/04-06-2021-live-training-pandas-for-data-analysis

Repository for "Getting Started with Pandas for Data Analysis" live training on April 6th, 2021

Primary LanguageJupyter Notebook

Getting Started with pandas for Data Analysis (04.06.2021)

Welcome to Getting Started with Pandas for Data Analysis!

This 4-hour training will show you the basics of the powerful pandas library for data analysis from scratch. The training will take place virtually on Tuesday, April 6th at 1:00PM ET.

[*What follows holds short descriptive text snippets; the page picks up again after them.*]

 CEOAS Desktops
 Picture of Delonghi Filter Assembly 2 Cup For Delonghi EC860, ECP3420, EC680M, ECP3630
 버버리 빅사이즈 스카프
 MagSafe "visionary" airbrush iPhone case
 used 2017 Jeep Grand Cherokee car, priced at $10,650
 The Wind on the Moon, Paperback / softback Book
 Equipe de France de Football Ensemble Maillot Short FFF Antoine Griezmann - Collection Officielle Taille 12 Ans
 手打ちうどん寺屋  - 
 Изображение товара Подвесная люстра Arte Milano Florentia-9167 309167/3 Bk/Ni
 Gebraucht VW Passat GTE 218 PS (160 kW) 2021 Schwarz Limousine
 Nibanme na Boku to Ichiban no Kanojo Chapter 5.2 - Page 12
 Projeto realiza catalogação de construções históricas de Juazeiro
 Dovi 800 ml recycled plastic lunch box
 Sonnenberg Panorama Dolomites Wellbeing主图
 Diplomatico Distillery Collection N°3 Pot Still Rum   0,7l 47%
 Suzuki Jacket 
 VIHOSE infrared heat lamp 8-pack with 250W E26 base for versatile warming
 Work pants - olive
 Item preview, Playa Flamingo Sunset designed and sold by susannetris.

This GitHub repository contains the complete source code and CSV datasets that we'll be using during the training. The 4 Jupyter Notebooks (.ipynb files) contain the code that I'll be writing out manually during the session. You are welcome to follow along with the completed code, or write it out yourself.

Downloading the Content

The easiest way to download the files is to click on the green Code button near the top of this page and select Download Zip. Unzip the zip file in your directory of choice.

Green Code download button

Prerequisites: Python, Pandas, and Jupyter Notebook

There are 3 tools you'll need to install to follow along with the training:

  • the core Python programming language upon which pandas is built
  • the pandas library itself
  • Jupyter Notebook, the development environment in which we'll be writing our code.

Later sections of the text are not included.